New East Digital Archive

As long as we’ve had the ability to take photographs, photographers have been messing with their images: scratching the surface of negatives, making photos deliberately blurry, manipulating the subject beyond recognition in Photoshop. The reasons for doing this aren’t always to do with aesthetics.

Photography is the art of preservation. Usually, we want to savour every moment and collect these memories on our devices, so they don’t disappear from our minds.

If we photograph so we don’t forget — how can photography reveal the pains of remembering?

This photo by Nino-Ana Samkharadze is dedicated to a past relationship. It shows an ex who’s face has been delicately obscured by a flower. Samkharadze told me she’d returned to this image, the day she realised she couldn’t remember his voice. “I felt a sadness at this. At some point you are in love and remember every little detail about this other person, but then comes the day when you start to forget.”

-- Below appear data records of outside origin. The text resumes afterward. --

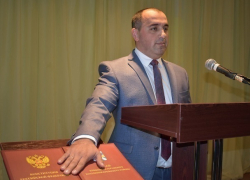 Новый мэр Крымска принес присягу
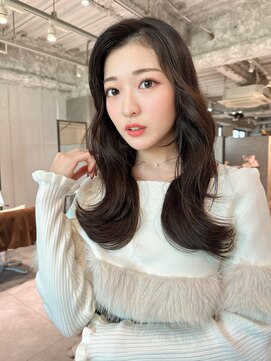 シェリム 栄(CHERIM) 美髪なみ巻きスタイル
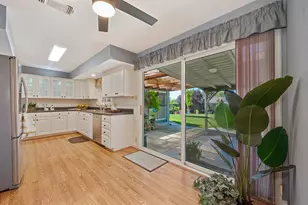 6619 Stratton Ave, Citrus Heights, CA 95621 - Photo 9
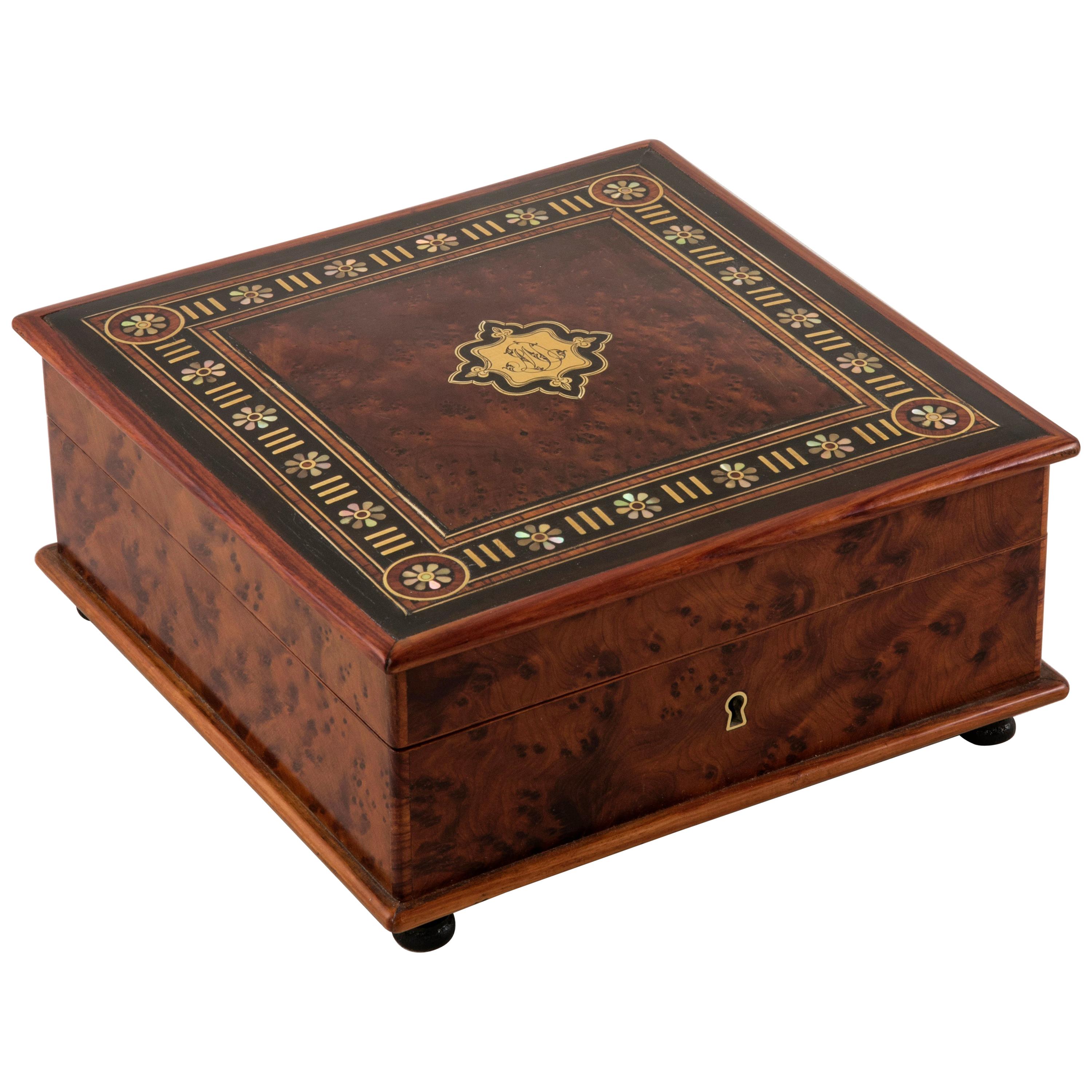 19th Century French Napoleon III Period Rosewood and Thuya Wood Marquetry Box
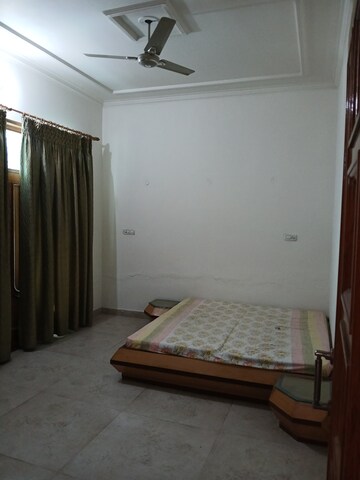 Room in 5 BHK Builder Floor at Sector 14 – for Rent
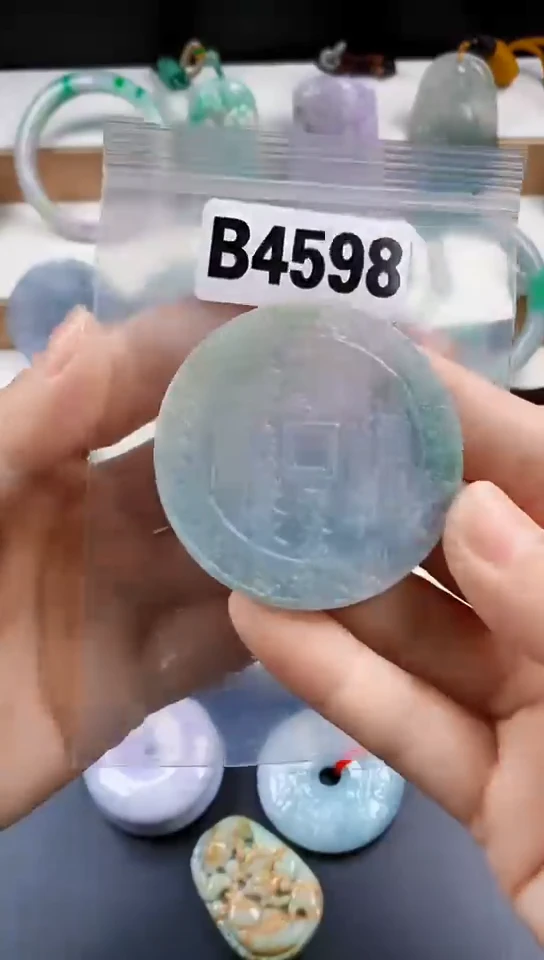 颈饰未镶嵌翡翠天然翡翠吊坠挂件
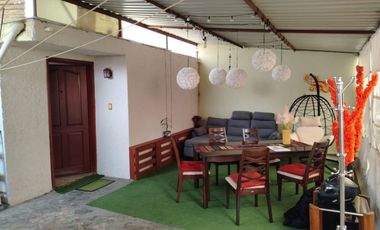 Vendo oportunidad de negocio en Coyoacan terreno con 2 casas y 2 locales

Looking through her old things, she’d found not only this photo but a flower he’d given her. “I felt a wave of emotions — all the memories, feelings, songs from that time, suddenly came rushing back.”

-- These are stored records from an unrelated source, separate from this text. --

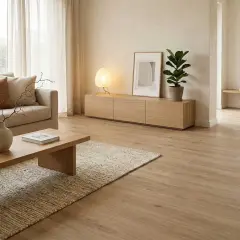 Salón con decoración Japandi: sofá beige, mesa de centro de madera, alfombra de yute, mueble bajo de roble y planta.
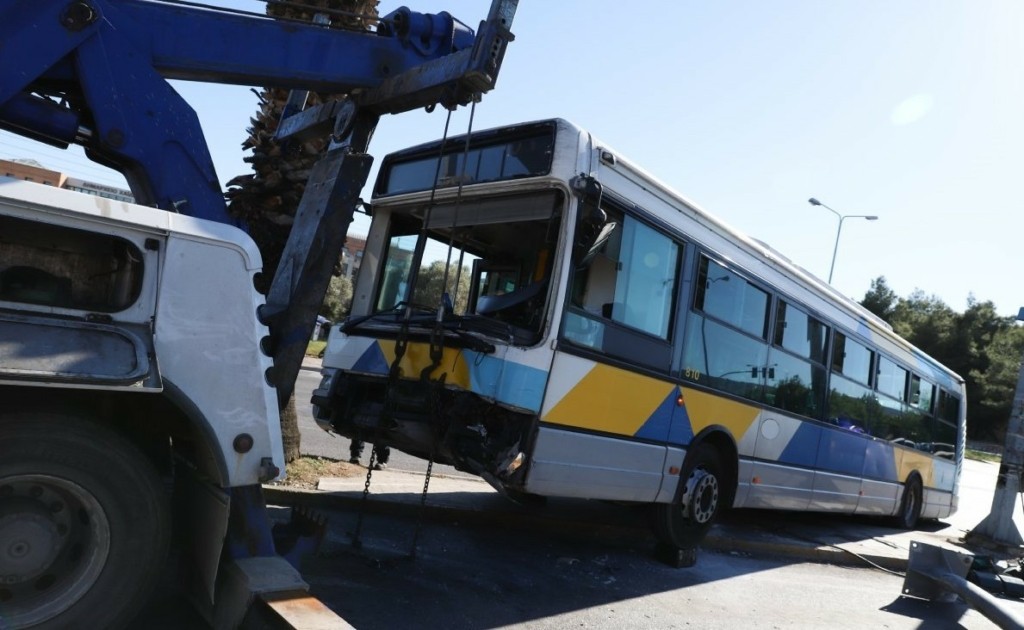 Σοβαρό τροχαίο στο κέντρο της Αθήνας με 12 τραυματίες – Λεωφορείο έπεσε πάνω σε ΙΧ – Πώς έγινε το ατύχημα
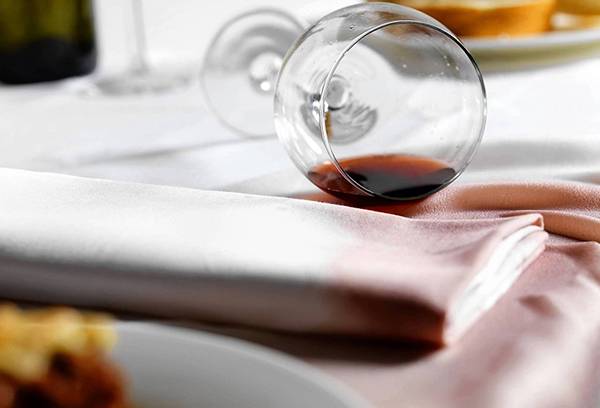 ไวน์รั่วไหลบนผ้าปูโต๊ะ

She wanted to share the frustration she felt at forgetting someone she loved, without destroying the image. The tulip does not interfere with or take away from the photo. It appears, instead, as a reminder of the love and care of the relationship. The photo isn’t exactly about failure. I think it’s also about kindness and the bravery of letting go.

Some people are only meant to be in our lives temporarily. Samkharadze’s ongoing series My Love as Herbarium, is exactly about how fleeting human connection often is. “I have been working on this series for the last six years. The portraits include my ex lovers, friends, people whom I met randomly, my boyfriend (who I hope will never become an ex).”

She explains why this project is about much more than the act of forgetting. “At some point I realised, what was more important to me was what i learned from them, what memories I kept, and how they influenced my life. All these people changed me in a way, that’s the reason they have ended up in the project.”